The Importance of Chunking for Sorting

If you want to be able to sort information by various classification schemes, such as by most popular, or by role, or by problem, your content has to be chunked in a granular enough way to facilitate the various means of sorting.

Consider a work that is one large book, with no chunks at all. In that case, it would be impossible to sort anything, because you have just one object. With one object, the only pattern you can configure is itself. But if you have a handful of objects, you can arrange those objects into as many patterns as you want.

To use an analogy, let’s say you have a pile of rocks. If you have 1,000 small rocks, the potential number of patterns you can configure with the rocks is infinitely greater than the patterns you can configure with just a few rocks.

I noticed this in a recent trip to Arches in Moab. While walking along trails, we saw a lot of rock piles called cairns that act as guide points. The cairns can be stacked and arranged in myraid ways, because they consist of little rocks:

But the big rocks are much more pattern-limited. They mostly just sit there, alone:

Thus if your goal is to enable a variety of patterns or classification schemes, so your users can choose from myriad classifications, according to their individual needs, you must chunk your content in a granular enough way to facilitate the classifications.

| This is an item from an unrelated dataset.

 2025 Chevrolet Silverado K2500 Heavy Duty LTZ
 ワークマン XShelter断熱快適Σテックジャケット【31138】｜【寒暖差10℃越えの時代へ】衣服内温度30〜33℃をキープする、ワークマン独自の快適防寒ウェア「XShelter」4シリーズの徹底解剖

Granular chunking poses some difficulties for help content, because if you chunk things too small, the help system becomes arduous to navigate. If each page contains just one topic, you end up with so many pages, navigating the pages will give users a headache.

To avoid this, on my calendar help wiki, the Viewing Calendars page has the following topics on the same page:

Calendar Contents

All of these topics appear on the Viewing Calendars page.

Now, suppose I want to manipulate this content on a more granular level. Suppose the “View Calendars of Other Wards” topic is a popular topic; the “FAQ” issues would be appropriate in a problems-based classification. The “About Subscribed Calendars and Subscribed Locations” belongs to a conceptual table of contents. The “View Churchwide Calendars” belongs to a “Coming Features” type of organization, and so on.

In short, let’s say I want to add metadata to each of these sub-topics so that they can be sorted, rearranged, recompiled, or otherwise organized in different classification schemes. If they are compiled in one giant topic, they can’t be manipulated at all except on a more macro-level. This is why chunking is such a fundamental principle to technical writing, because without small chunks of content, you don’t have many options for manipulating it.

Whether you use a wiki or not, deciding how granular to chunk your content is a challenge. For example, on Microsoft Word’s Help, this is the topic for Changing or Setting Page Margins.

This topic on working with margins really contains five separate topics.

This topic on working with margins really contains five separate topics.

By combining these five topics into one topic, it becomes more difficult to manipulate the individual sub-topics as their own topics. The metadata you add to this topic must account for all the sub-topics within this topic.

Now consider the opposite strategy. Let’s make each subtopic its own topic. You can see the effects of this approach in the following Office help search:

Granular chunking

When you chunk things in a granular way, it becomes harder to find the chunks, and you lose some context.

Here the topics on formatting are all chunked into their own topics, so you end up with Clear all text formatting, Show or hide formatting marks, Apply strikethrough formatting, and so on. When a user clicks on a topic, the topic is short, such as the following:

This is a short topic.

This is a short topic. This is all that’s there.

This short topic either answers the user’s question or it doesn’t. There’s not much room for error, since no similar topics are grouped together. If it’s not the right topic, the user must return to the list of results and click another, and another, and another until he or she locate the right topic.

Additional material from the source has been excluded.